◆ How to complete this task ◆
With the line containing "1 Mound Ct, Merrimack, NH 03054 - Photo 4" as the final line, restate exactly every line of the data below from the first one onward, and copy no pictures.

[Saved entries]

···

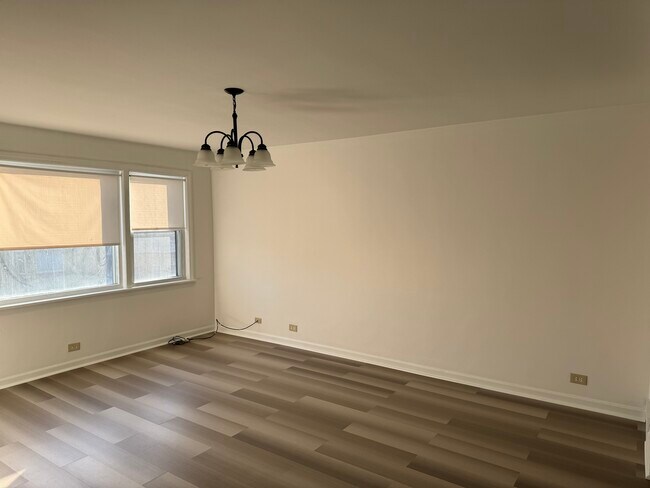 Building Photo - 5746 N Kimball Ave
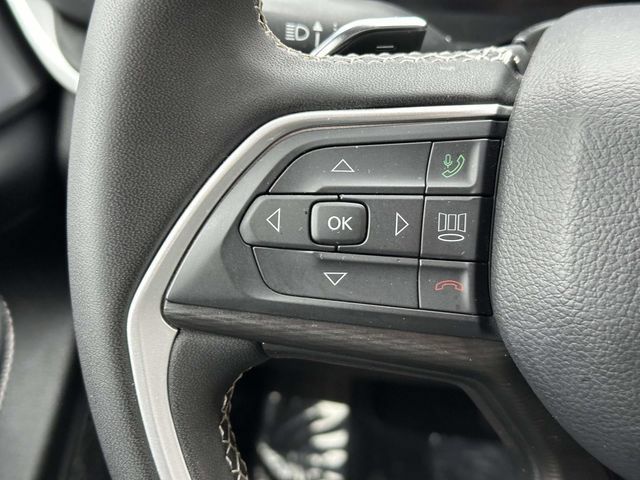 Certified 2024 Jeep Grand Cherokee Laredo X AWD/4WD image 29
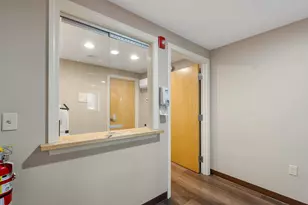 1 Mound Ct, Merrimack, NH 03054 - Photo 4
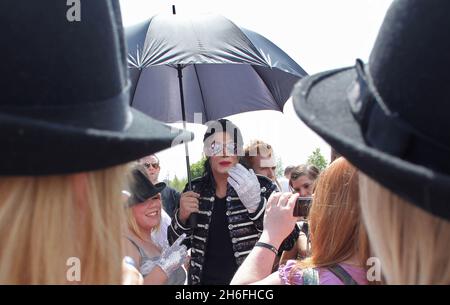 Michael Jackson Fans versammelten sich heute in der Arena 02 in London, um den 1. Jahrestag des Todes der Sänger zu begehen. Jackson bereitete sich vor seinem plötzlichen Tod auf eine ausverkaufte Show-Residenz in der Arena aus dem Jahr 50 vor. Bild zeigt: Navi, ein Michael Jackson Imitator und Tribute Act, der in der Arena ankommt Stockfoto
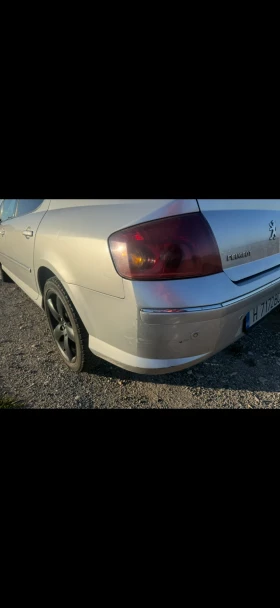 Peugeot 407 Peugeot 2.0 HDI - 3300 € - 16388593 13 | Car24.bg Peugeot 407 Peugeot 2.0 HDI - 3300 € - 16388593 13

···

◆ Reply ◆
 Building Photo - 5746 N Kimball Ave
 Certified 2024 Jeep Grand Cherokee Laredo X AWD/4WD image 29
 1 Mound Ct, Merrimack, NH 03054 - Photo 4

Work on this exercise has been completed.